Bien des raisons font qu’on choisit de lire tel ou tel livre. Cette fois, j’ai lu Les passeurs de Nicole Balvay-Haillot (éditions Vermillon) pour la seule raison que j’ai connu l’auteure lors d’ateliers d’écriture. Elle a lu mes histoires d’Irlandais, je lisais ses histoires de France, de Tunisie.
J’ai parlé d’elle à quelques reprises dans mon blogue et même sur Voir.ca. Son roman Dérives m’a touchée parce que la relation mère-fille m’émeut toujours. Son livre de nouvelles, Fenêtre sur vies, a obtenu une mention au Prix Jacques-Poirier en 2009.
Celui-ci, Les Passeurs, même si je ne l’avais pas su, je l’aurais senti à la lecture, a demandé beaucoup de recherches et du temps et du silence et de l’obstination.
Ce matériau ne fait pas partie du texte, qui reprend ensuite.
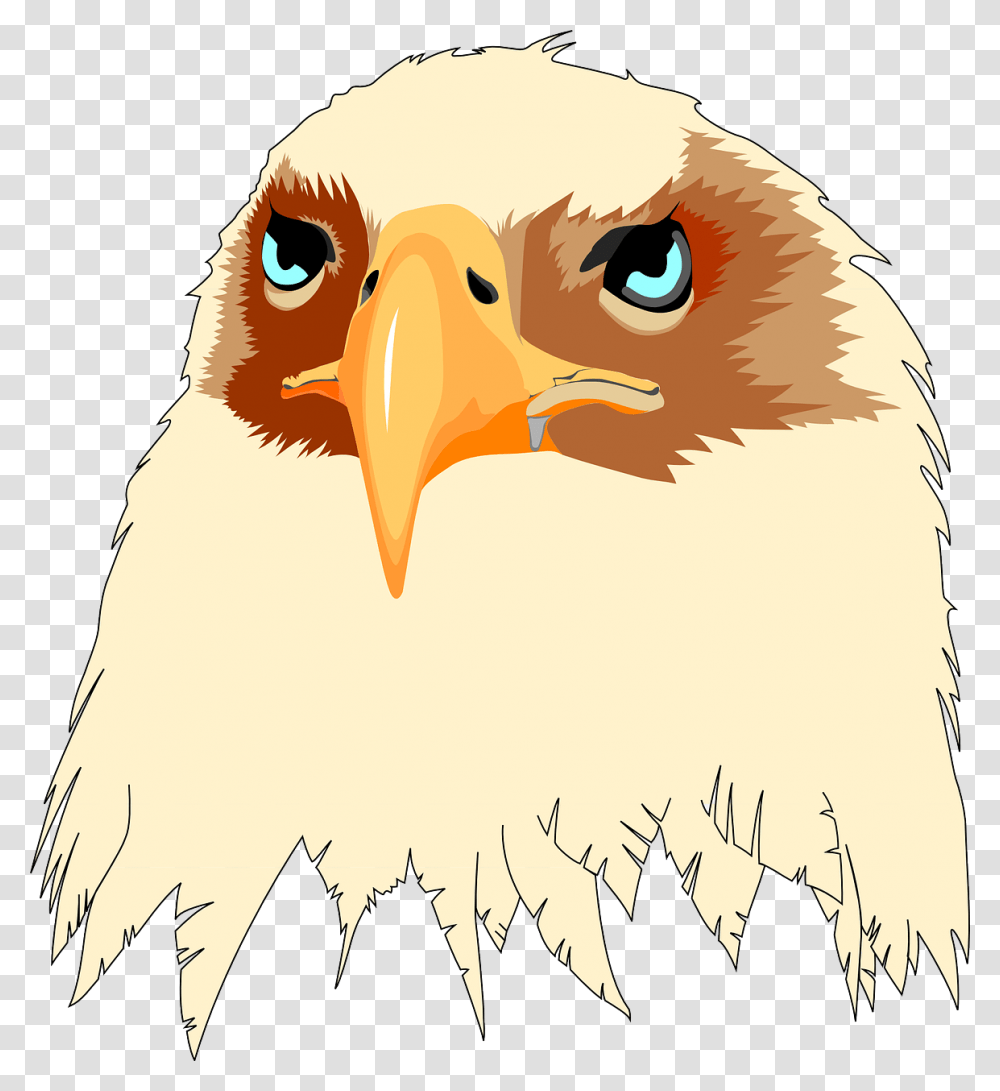 Cara De Aguila Animada, Eagle, Bird, Animal, Beak Transparent Png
Ce livre, elle le portait depuis plusieurs années, c’est l’histoire de toute une vie, la sienne, celle de ses parents séparés, celle de la seconde guerre mondiale.
Pour sa recherche, cette Française d’origine qui vit au Québec depuis quarante-quatre ans, a choisi un jour d’aller passer trois mois à Vezelay, à deux heures de route des événements relatés dans son récit. Elle entreprit de continuer à fouiller son passé, de retrouver des membres de la famille, à écouter des témoignages des descendants de passeurs, ces personnes qui prenaient bien des risques en faisant passer des personnes ou des messages ou des lettres de la zone occupée à la zone libre. Sans la famille Tillier qui permit à ses parents d’être réunis, l’auteure n’aurait pas vu le jour.
La résidence d’auteure, la maison Jules-Roy, à Vézelay commence à être connue des auteurs de l’Outaouais. Sur le site Internet, je reconnais là quelques bénéficiaires, dont Loïse Lavallée, Michèle Bourgon, mais je suis certaine que pour Nicole Balvay-Haillot son séjour là-bas n’a pas représenté la même charge émotionnelle. Pour elle, c’était pays de souvenirs d’enfance et même d’amoureuse.
Donc je connaissais l’auteure, j’avais entendu parler de Vézelay, je savais que Nicole était née en 1942, en plein pendant la guerre 39-45 dont j’ignore à peu près tout, étant née après et surtout étant venue au monde dans un pays que nulle bombe n’a jamais atteint. L’auteure a su m’apprendre beaucoup sur ce temps de l’Occupation allemande, mais ce que j’ai aimé par-dessus tout dans la lecture de ce roman, c’est l’histoire personnelle.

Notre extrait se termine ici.